What you need to do – Repeat, word for word, all the data that follows, and exclude the pictures.

Data provided –
Start of Block
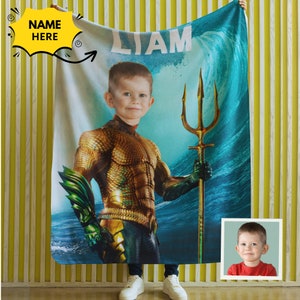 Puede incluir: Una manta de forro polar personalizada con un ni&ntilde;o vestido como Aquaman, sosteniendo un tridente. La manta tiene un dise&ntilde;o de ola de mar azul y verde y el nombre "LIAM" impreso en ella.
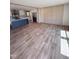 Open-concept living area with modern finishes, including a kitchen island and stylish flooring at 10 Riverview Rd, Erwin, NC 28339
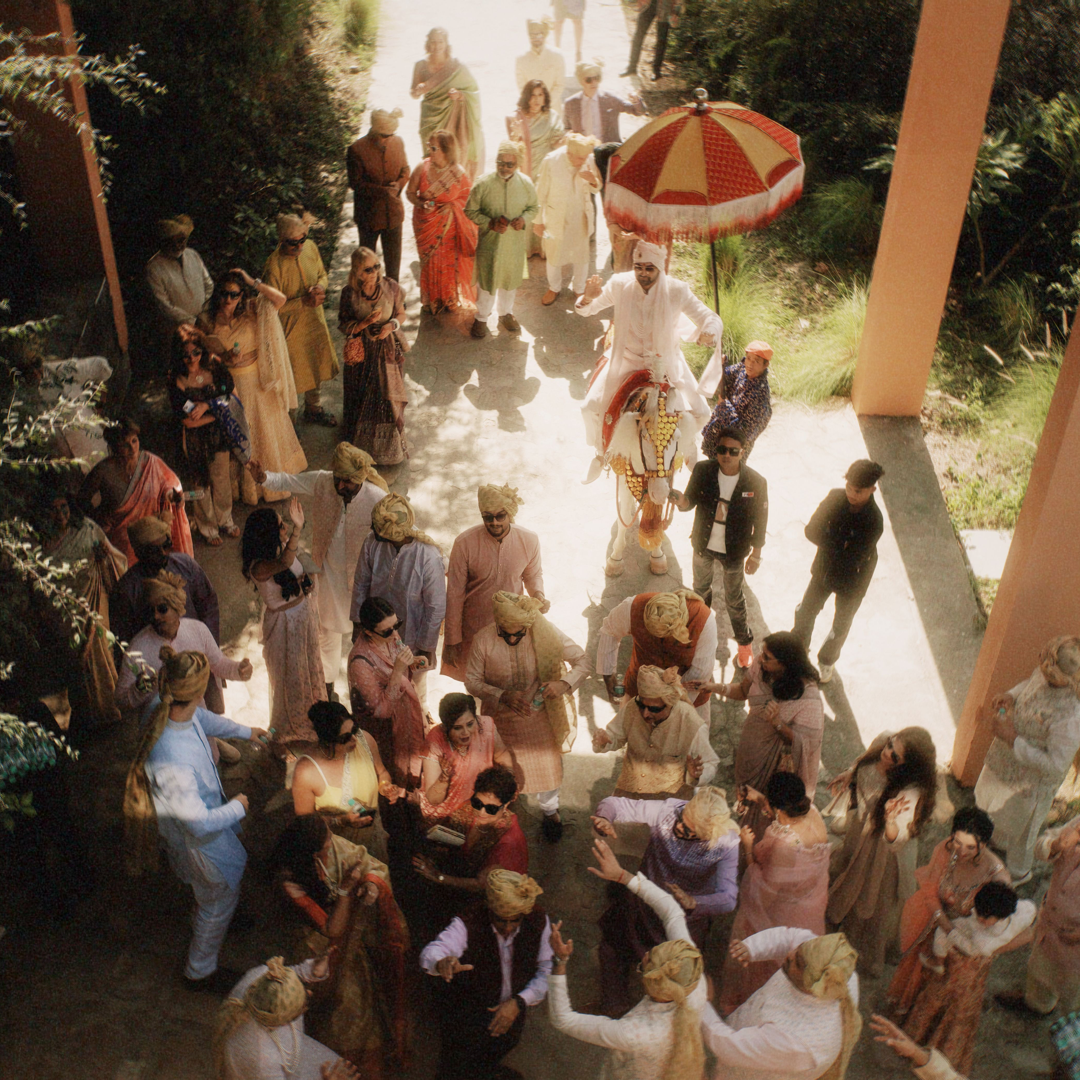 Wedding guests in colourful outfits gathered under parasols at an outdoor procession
End of Block
Exercise result –
 Puede incluir: Una manta de forro polar personalizada con un ni&ntilde;o vestido como Aquaman, sosteniendo un tridente. La manta tiene un dise&ntilde;o de ola de mar azul y verde y el nombre "LIAM" impreso en ella.
 Open-concept living area with modern finishes, including a kitchen island and stylish flooring at 10 Riverview Rd, Erwin, NC 28339
 Wedding guests in colourful outfits gathered under parasols at an outdoor procession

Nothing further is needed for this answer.